Entries supplied
□ □ □

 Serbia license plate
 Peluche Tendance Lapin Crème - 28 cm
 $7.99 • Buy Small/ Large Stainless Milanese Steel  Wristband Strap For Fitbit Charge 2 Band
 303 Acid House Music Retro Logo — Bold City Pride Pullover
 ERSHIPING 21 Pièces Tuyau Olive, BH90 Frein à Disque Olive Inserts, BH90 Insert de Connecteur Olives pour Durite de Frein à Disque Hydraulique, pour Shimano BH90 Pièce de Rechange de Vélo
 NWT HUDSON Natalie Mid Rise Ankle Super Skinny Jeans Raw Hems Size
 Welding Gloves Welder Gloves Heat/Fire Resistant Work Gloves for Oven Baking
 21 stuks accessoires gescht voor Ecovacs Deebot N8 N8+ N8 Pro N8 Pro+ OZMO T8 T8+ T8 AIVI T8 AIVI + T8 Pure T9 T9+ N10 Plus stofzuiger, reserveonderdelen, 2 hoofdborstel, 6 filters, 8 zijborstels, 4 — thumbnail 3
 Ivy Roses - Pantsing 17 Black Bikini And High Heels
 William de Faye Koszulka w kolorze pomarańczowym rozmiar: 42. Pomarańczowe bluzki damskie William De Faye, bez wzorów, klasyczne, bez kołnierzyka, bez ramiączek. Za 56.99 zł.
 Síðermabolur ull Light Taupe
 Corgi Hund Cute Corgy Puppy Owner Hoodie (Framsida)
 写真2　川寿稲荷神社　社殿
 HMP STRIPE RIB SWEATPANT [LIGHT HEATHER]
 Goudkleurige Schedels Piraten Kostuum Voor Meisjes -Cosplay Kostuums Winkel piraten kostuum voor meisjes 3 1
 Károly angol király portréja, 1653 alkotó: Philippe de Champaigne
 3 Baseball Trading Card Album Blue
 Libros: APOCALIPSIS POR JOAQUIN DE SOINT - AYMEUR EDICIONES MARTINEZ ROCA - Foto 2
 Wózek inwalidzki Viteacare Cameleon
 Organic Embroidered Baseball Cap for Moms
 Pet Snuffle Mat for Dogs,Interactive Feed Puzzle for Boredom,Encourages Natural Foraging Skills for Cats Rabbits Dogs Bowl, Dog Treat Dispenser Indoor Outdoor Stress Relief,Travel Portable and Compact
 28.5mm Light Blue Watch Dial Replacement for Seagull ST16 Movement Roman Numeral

□ □ □

What you need to do
Look through the material for "voor". Copy each line that has it.

Exercise response
 21 stuks accessoires gescht voor Ecovacs Deebot N8 N8+ N8 Pro N8 Pro+ OZMO T8 T8+ T8 AIVI T8 AIVI + T8 Pure T9 T9+ N10 Plus stofzuiger, reserveonderdelen, 2 hoofdborstel, 6 filters, 8 zijborstels, 4 — thumbnail 3
 Goudkleurige Schedels Piraten Kostuum Voor Meisjes -Cosplay Kostuums Winkel piraten kostuum voor meisjes 3 1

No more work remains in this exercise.